Both Pitrak and Stanford see the strength of this program in both the ability to diagnose individuals who may not normally be screened and its use as a model for other screenings during emergency department visits.
“Some of these patients normally wouldn’t have come in for testing, and only received a diagnosis because they visited the emergency department because they were concerned about having COVID-19,” says Stanford.
The results of the HIV screening program also suggest that other screenings as part of emergency room visits may be similarly useful.
“Diabetes screenings would be especially useful here at UChicago Medicine, for example, given the high rates in our community,” says Stanford. “This could be extremely valuable for helping patients with little access to resources get a proper diagnosis and get connected with necessary treatment before their condition becomes severe.”
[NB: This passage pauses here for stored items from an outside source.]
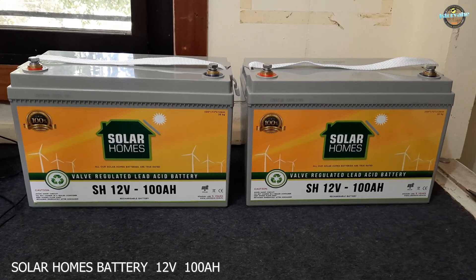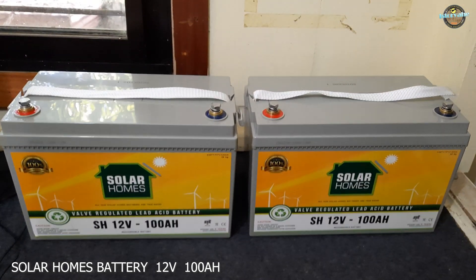If you're interested in setting up your own solar panel system, this battery could be a great choice.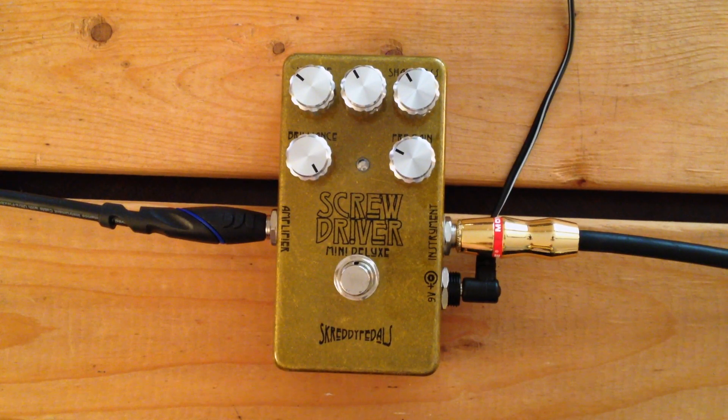Oh hello there! This is the Screwdriver Mini Deluxe by Scredi Pedals. It is a clean boost, slash overdrive, slash distortion type thing. It wears a lot of hats, let's just say that.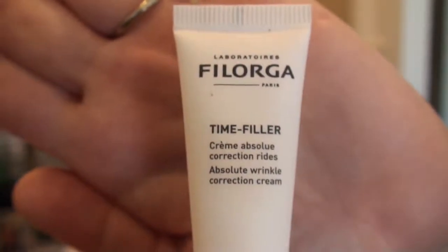So, without further ado — I did get a couple of add-ons, so I'm just gonna pull those out and show you what those are. I don't even remember what they are anymore. First off, this is Filorga Laboratories Time Filler — Absolute Wrinkle Correction Cream, which I need. So I wanted to try this one. It's just a little tiny thing, but that's okay. I knew I was getting a tiny thing.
On the HIV front, UChicago Medicine is continuing to move forward. “We are building a plan to work with other emergency departments in Chicago to implement both HIV and Hepatitis C screening,” says Pitrak. “This really has the potential to help patients across the region. It’s very exciting.”
The study, “Increased Diagnoses of Acute HIV Infection through Linking HIV Screening with COVID-19 Testing in an Urban Emergency Department During the Pandemic,” was supported by funding from the Chicago Department of Public Health and Gilead Sciences, Frontlines of Communities in the United States Program. Additional authors include Moira McNulty, Jessica Schmitt, Dylan Eller, Jessica Ridgway, and Kathleen Beavis of the University of Chicago Medicine.